Shoprite supermarket chains throughout South Africa have responded to the current financial woes facing citizens. Their solution to one of many groups of people that are now more disadvantaged than before is to drastically reduce the price of Ultrex sanitary pads.
The retailer released a statement last week explaining that this is not only a short-term solution, “but a commitment by Shoprite to provide its customers with greater access to affordable basic hygiene products and necessities.”
All Ultrex range sanitary pads will now be retailing tax-free for R10.99, an amount that is, on average, 50 percent more affordable than other brands and deals.
— Shoprite SA (@Shoprite_SA) August 13, 2018
Female hygiene products such as sanitary pads and tampons are one of many items suggested by a panel of experts appointed by the National Treasury to be VAT-free.
Other items include white bread and flour, school uniforms and nappies.
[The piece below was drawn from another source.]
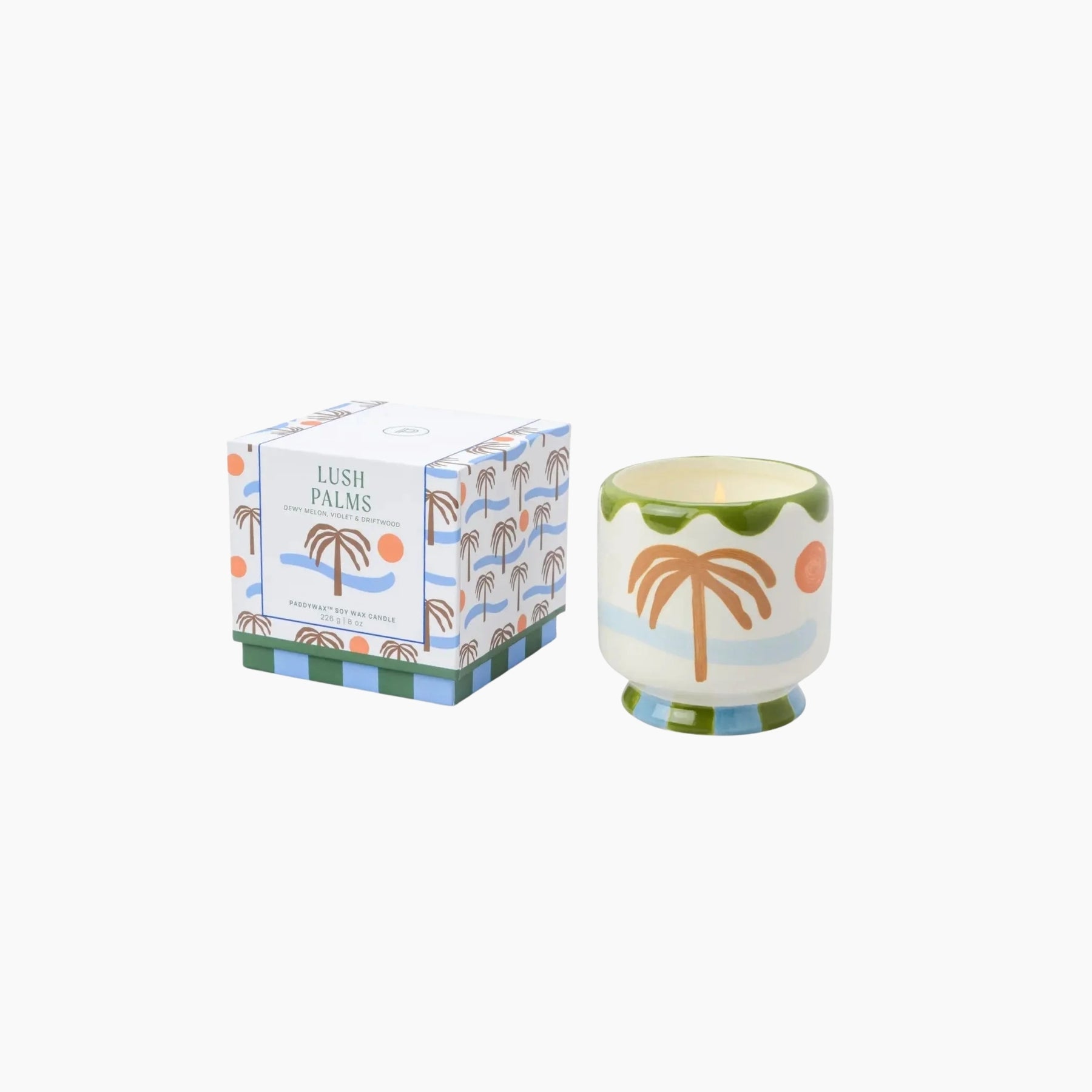 Candle with palm tree design and matching packaging on a white background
Baby formula is another product that was suggested to be tax free, but it was decided by the health department that South Africa should not be promoting this second-best form of infant nutrition with tax breaks, as reported by Fin24.
Pink Tax, or gender discriminatory pricing on products ranging from soap to razor blades is something that has been investigated by various panels. Women pay approximately 13% more for personal care items.
According to Money Matters, sanitary pads and tampons fall under this bracket because they are deemed ‘luxury items’ – something that every women will dispute.
To add fuel to this argument, women on average earn less than men, but are known to have significantly more expenses.
So, in the mean time, while Pink Tax is being proven, explored and possibly changed, Shoprite’s decision to make one brand of sanitary pads tax free is a positive start to help disadvantaged women retain their dignity during their menstrual cycles. This is especially important with girls who are still attending school, as their menstrual cycles often disrupt their school attendance.
In 2016, there were 2.6 million girls aged 9 to 20 in South Africa, and many of these miss weeks of school due to their periods.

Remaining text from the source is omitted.